There are many similarities for me with Germany between the two World Wars and the conditions that facilitated the rise of Hitler and Nazism. I know this because my mum was a German war bride – she was not Jewish or a refugee. She married my dad who was a soldier from Blackburn.
I grew up knowing there had been a war between the British and the Germans but it was referred to a bit like a football match –‘we beat the Jerries!’ Visits to my mum’s small town were regular and my extended family was more familiar to me than my English relations as we moved around a lot.
But this seemed too simplistic to me even at a young age.
Perhaps Nazism couldn’t have happened during the post war Welfare State in Britain, but conditions are very different now. Like Germany between the wars, we have and will continue to experience grave economic circumstances for decades. Like Germany large sections of the population live in abject poverty. Like Germany blame is placed on sections of the population who are dehumanised and held responsible for impoverishing the ‘authentic’ citizen. Like Germany politicians who peddle this view were initially seen as bizarre and not treated seriously but disillusionment with mainstream parties increased their popular appeal.
Alliances with mainstream politicians allowed Hitler to become Chancellor legitimately – and the rest is history.
As part of the post WWII generation I have always felt a responsibility to ensure such a murderous regime never happens in my country. I now know this means we must resist the gradual manifestations of inhumanity that become enshrined in our laws and policies and the gradual removal of our liberties and rights especially for certain sections of the population.
Finally any alliances between mainstream parties and parties with racist and divisive policies should ring warning bells as history mustn’t be reprised.”
A brilliant, insightful and, above all, depressing analysis. Dr Petrie paints an all too credible picture of the UK slipping into a very dark place. This is all the more horrific given the very clear lesson from history we should be aware of.

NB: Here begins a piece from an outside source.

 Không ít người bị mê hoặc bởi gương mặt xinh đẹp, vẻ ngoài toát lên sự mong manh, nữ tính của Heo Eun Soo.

A casual comparison of the rhetoric of Nigel Farage in early 21st century Britain and Benito Mussolini in early 20th century Italy is striking. Indeed if you mix up the words ‘Italy’ with ‘UK/England’, ‘Jewish’ with ‘Muslim’ and ‘European Union’ with ‘The liberal democracies’ you would be very hard pressed to tell the difference.
It is of course taboo to link fascism with UKIP or even racism with UKIP. No politician can afford to suggest such comparisons are valid; after all it is political suicide to alienate the 30% of the population who seem to be find a personal resonance in the extremely unpleasant statements made by Mr Farage.
As a non-politician I have no hesitation in saying that UKIP is not creating the racism and fear, they are simply responding to it. I suspect the same could have been said about the original fascist party. The original Italian fascists included many Jews, just as UKIP has Muslims and many members of non British descent in its ranks. It is well known that Mussolini was supported by a Jewish lover while forming his ultimately anti-Semitic party. So it is quite possible to be in a relationship with (or even married to) the evil ‘other’ and still stand for violent bigotry.
Of course Mussolini always spoke out against the minority of extremists in his party, expelling them from the party when they were caught exhibiting excessive zeal, as Nigel Farage has repeatedly spoken out against extremists in his party who have spoken out prematurely for positions the majority of people in this country still find to be repugnant.
It is also worth pointing out that Mussolini strongly disapproved of Hitler, while appreciating his skills as a leader. I do not for a moment wish to equate any present world leader with Hitler, such a comparison would be unfair.
Dr Petrie has explained why UKIP has such vast support and it is clear that given this popular power base, democratic parties are going to find it difficult to offer effective opposition. Are we therefore doomed to watch history repeat itself with the only consolation being the smug satisfaction of being able to say I told you so?